▶ About this task
All entries are to be quoted exactly; the images stay out of the copy.

▶ Data in this exercise
******

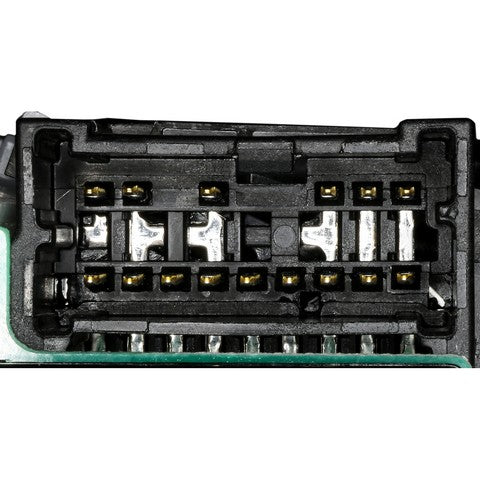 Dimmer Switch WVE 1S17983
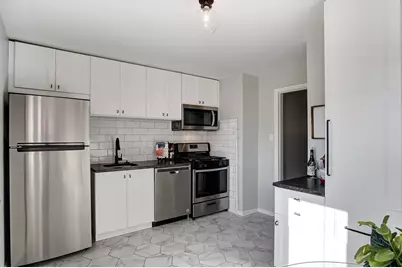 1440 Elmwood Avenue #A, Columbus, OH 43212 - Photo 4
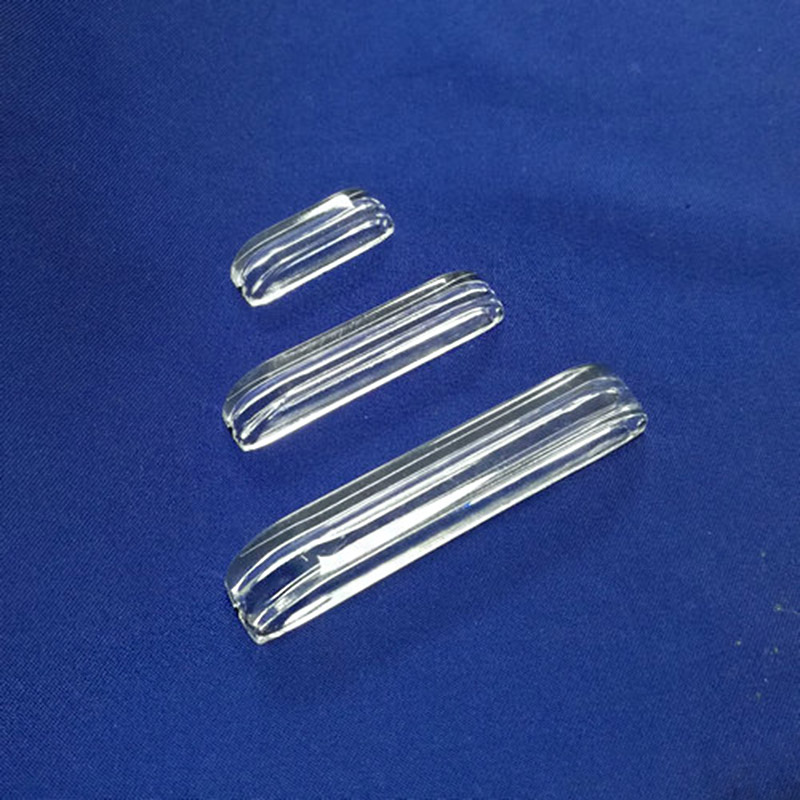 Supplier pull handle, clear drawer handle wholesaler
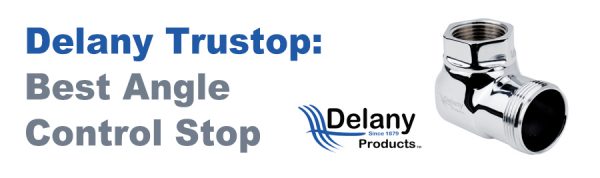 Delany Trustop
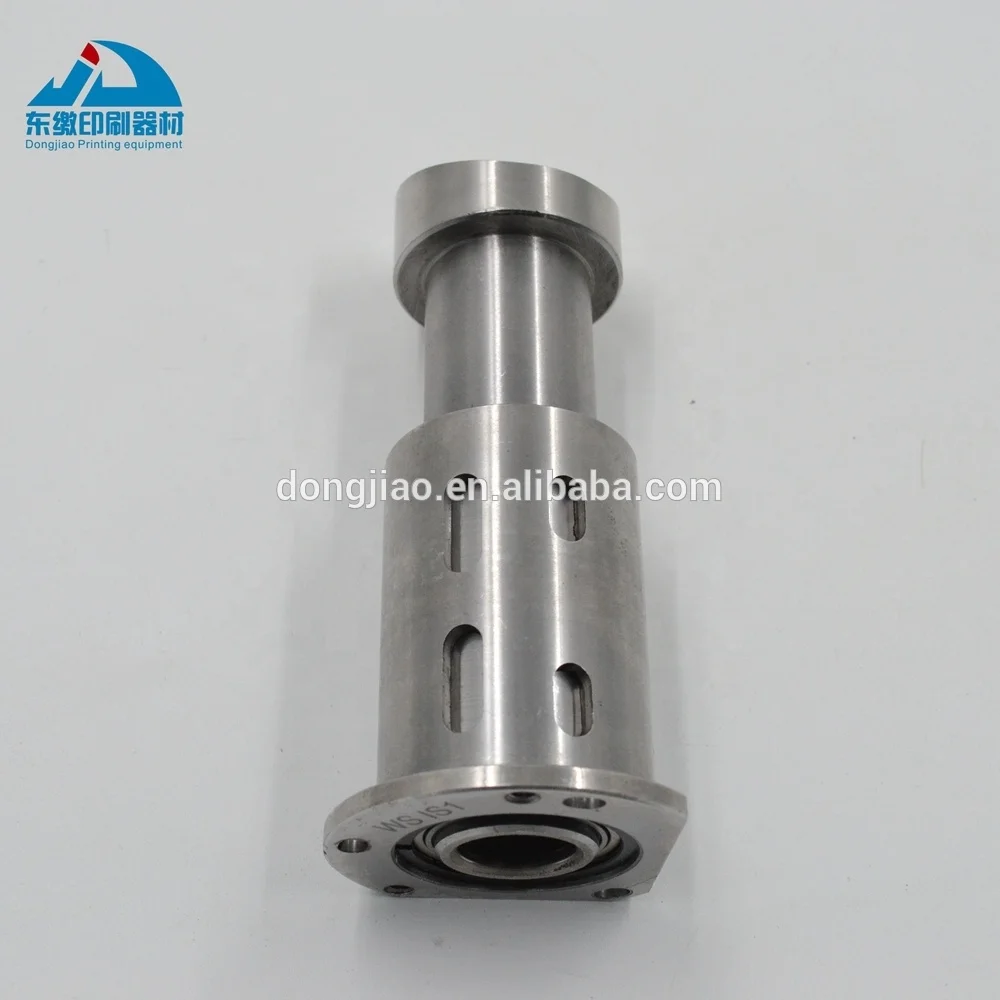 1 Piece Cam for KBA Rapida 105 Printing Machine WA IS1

******

▶ Solution to the exercise
 Dimmer Switch WVE 1S17983
 1440 Elmwood Avenue #A, Columbus, OH 43212 - Photo 4
 Supplier pull handle, clear drawer handle wholesaler
 Delany Trustop
 1 Piece Cam for KBA Rapida 105 Printing Machine WA IS1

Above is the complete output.